**What the exercise asks:** All that is wanted is the line with "AI 생성 콘텐츠는 정확하지 않을 수 있습니다." and each line after it to the end of the data below, set down exactly and without pictures.

**Raw data:**
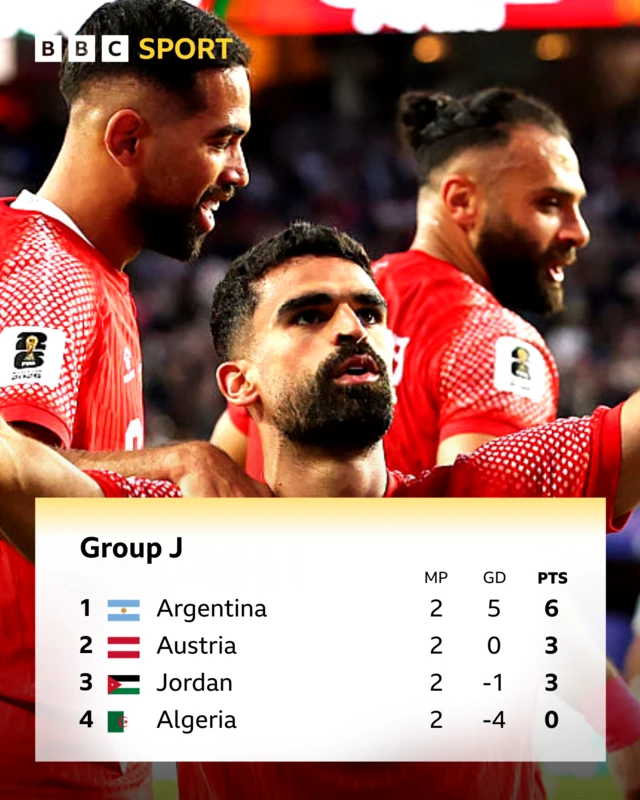 Group J World Cup standings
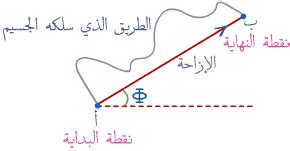 أمثلة توضيحية للإزاحة والمسافة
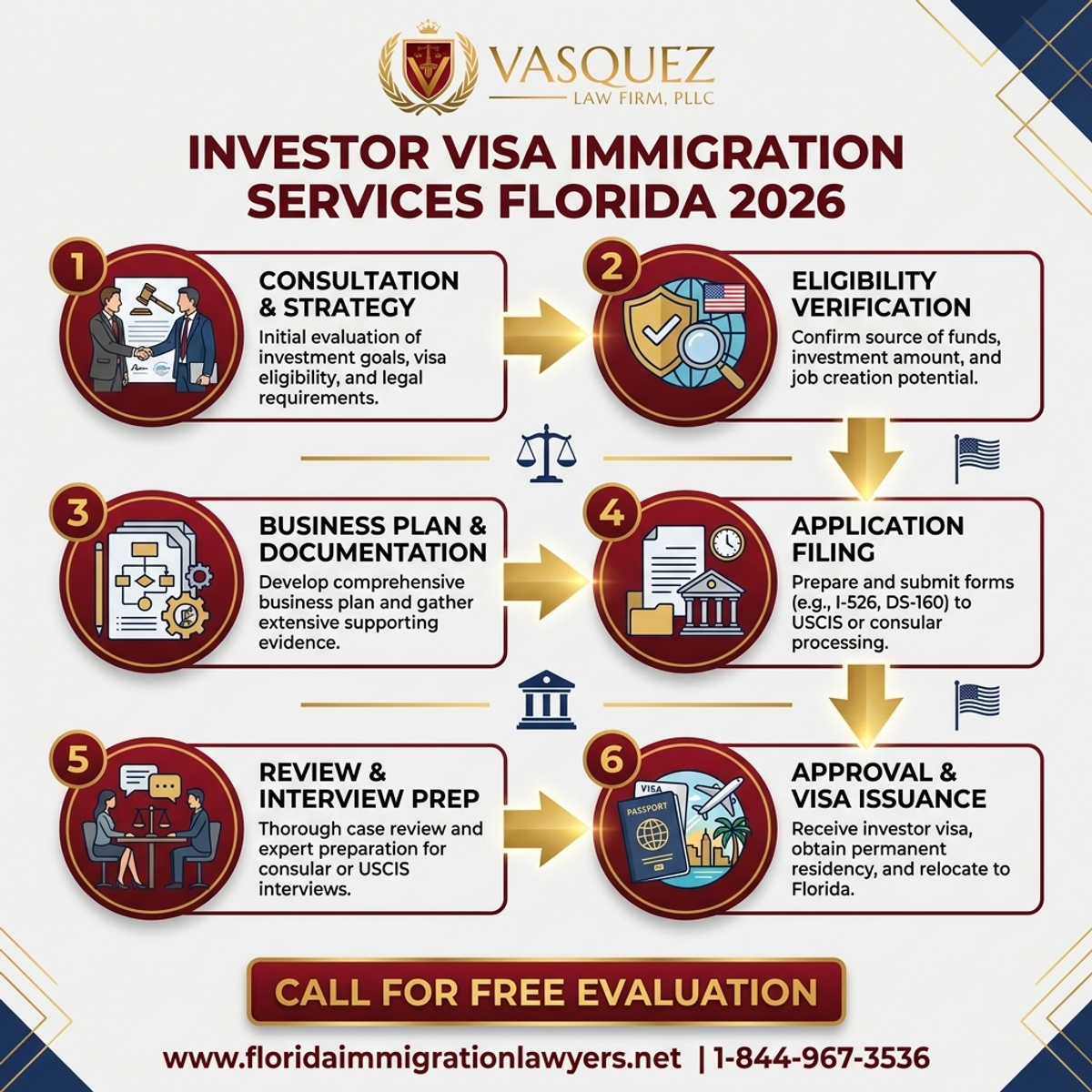 Step-by-Step Process for Servicios de Visa de Inversionista en Florida 2026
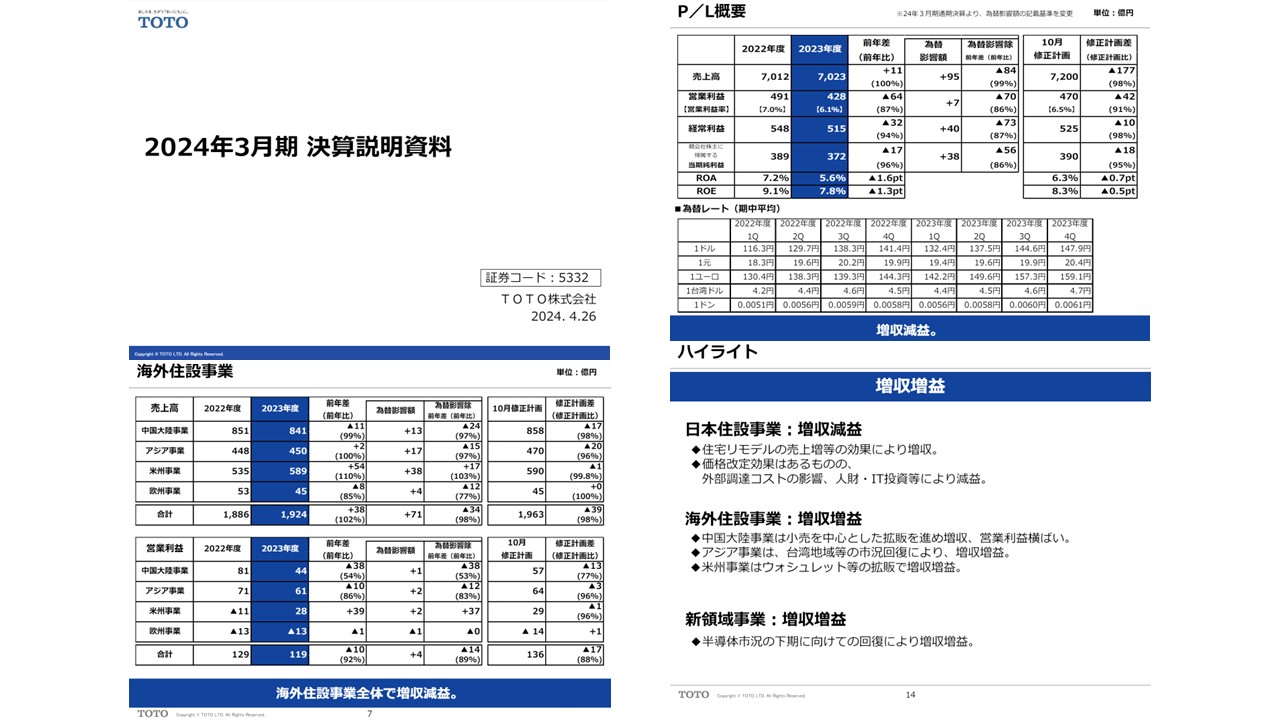 TOTO株式会社の決算資料ページ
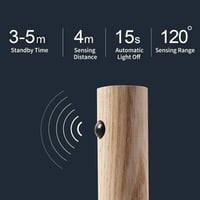 اضاءة جدارية ليلية قابلة للتنقل ومزودة بمستشعر حرك...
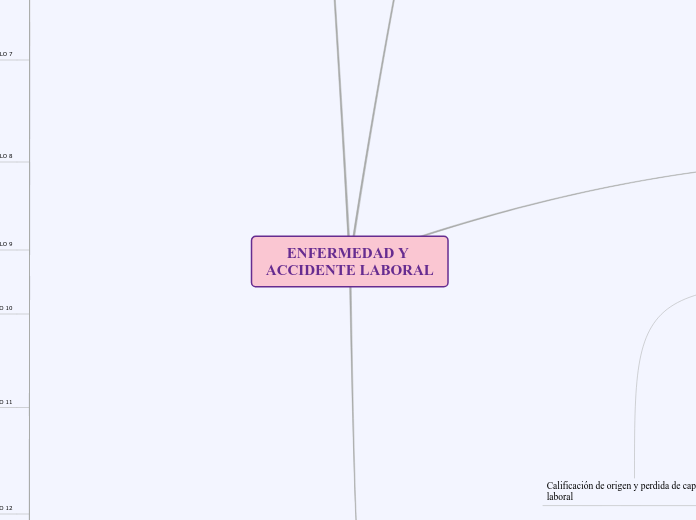 ENFERMEDAD Y ACCIDENTE LABORAL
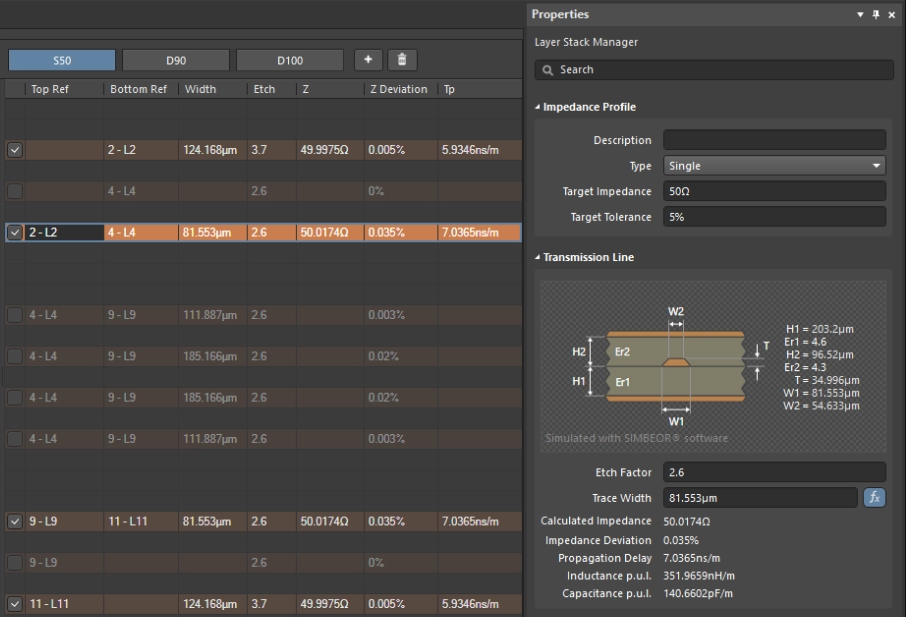 Impedance calculation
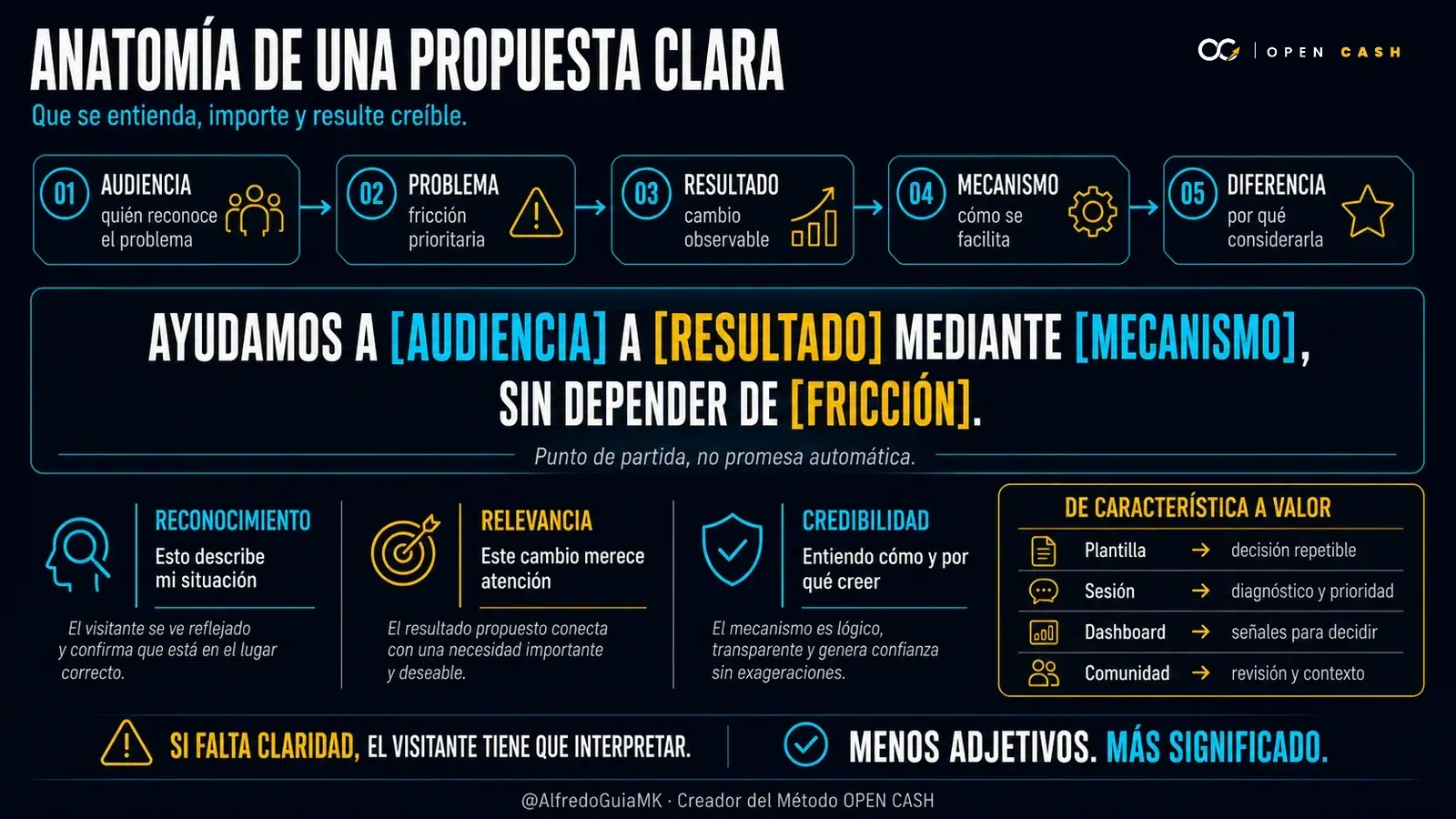 Infografía OPEN CASH sobre la anatomía de una propuesta de valor clara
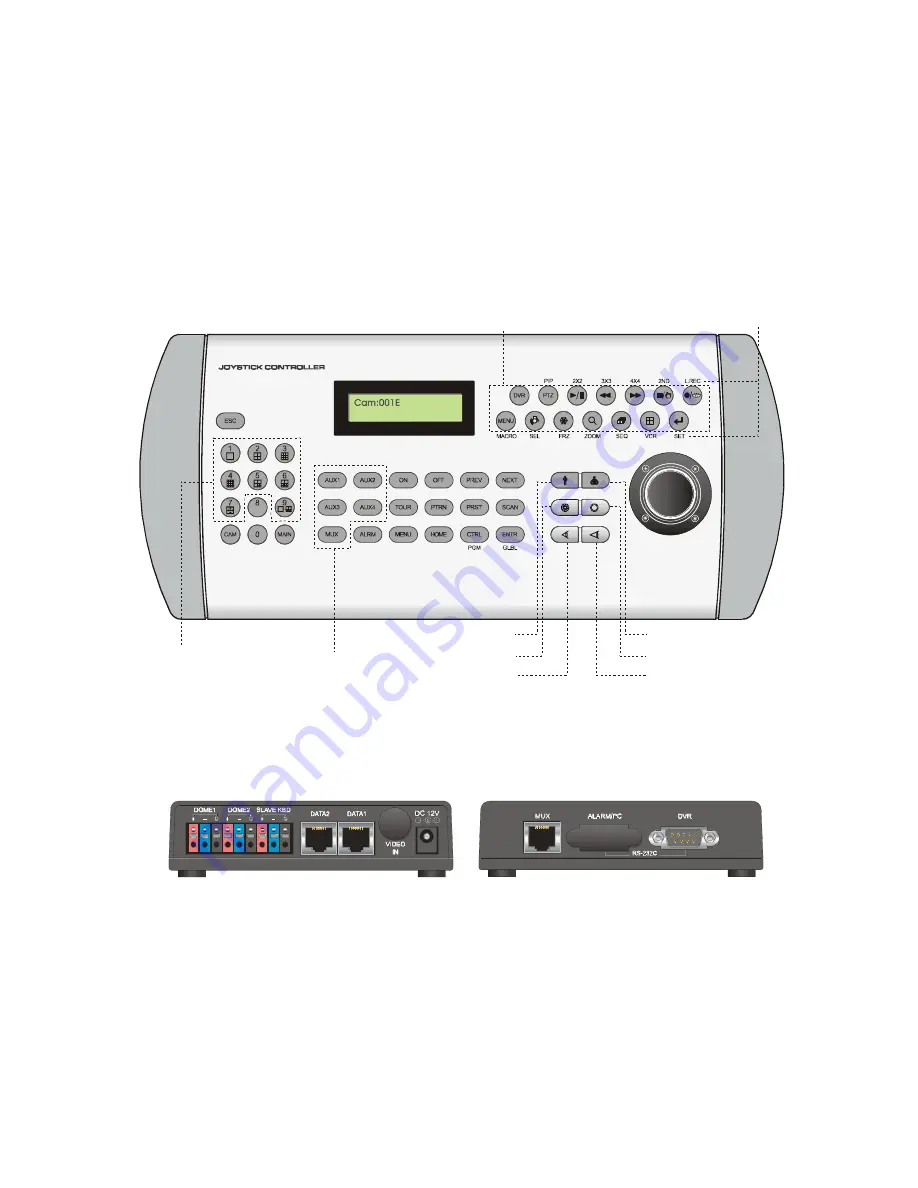 Honeywell ScanDome ll HTX-3000 Instruction Manual Download Page 18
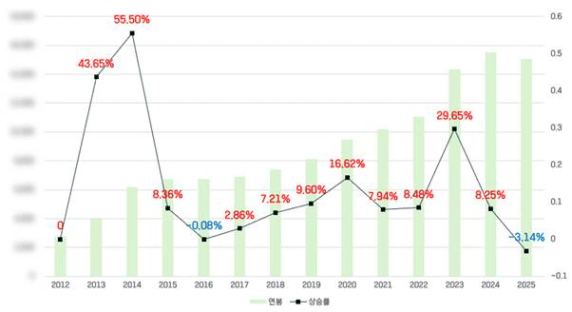 텍스트, 라인, 도표, 그래프이(가) 표시된 사진

AI 생성 콘텐츠는 정확하지 않을 수 있습니다.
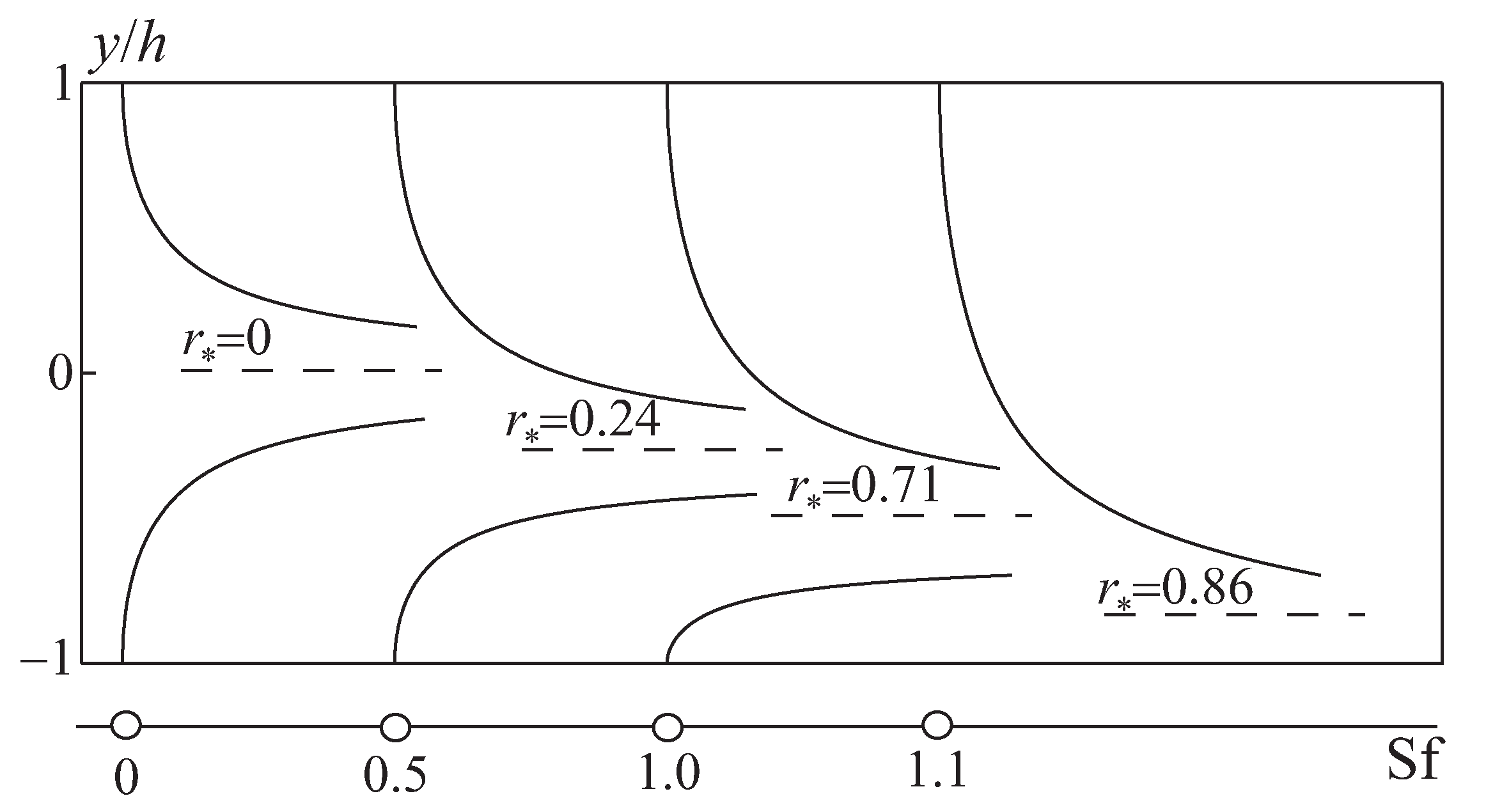 Fluids 07 00328 g007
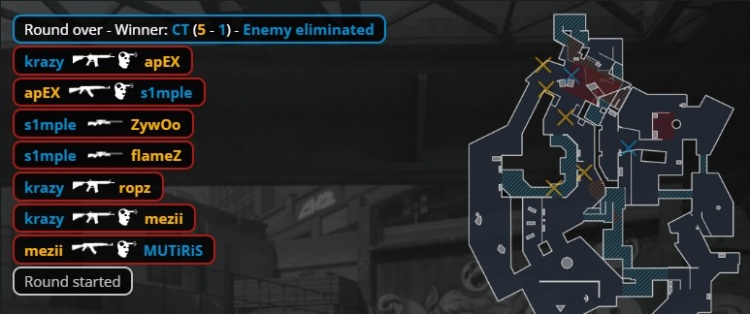 🎮双骄再会!s1mple大狙孤掌难鸣 Zywoo赢下森载大战 VIT2-0BC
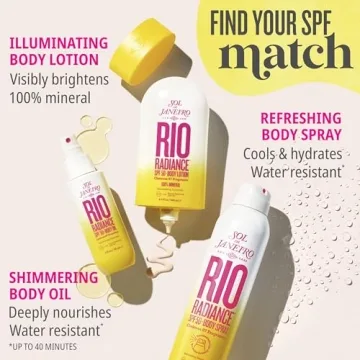 Rio Radiance Body Lotion SPF 50 by Sol de Janeiro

**Finished task:**
AI 생성 콘텐츠는 정확하지 않을 수 있습니다.
 Fluids 07 00328 g007
 🎮双骄再会!s1mple大狙孤掌难鸣 Zywoo赢下森载大战 VIT2-0BC
 Rio Radiance Body Lotion SPF 50 by Sol de Janeiro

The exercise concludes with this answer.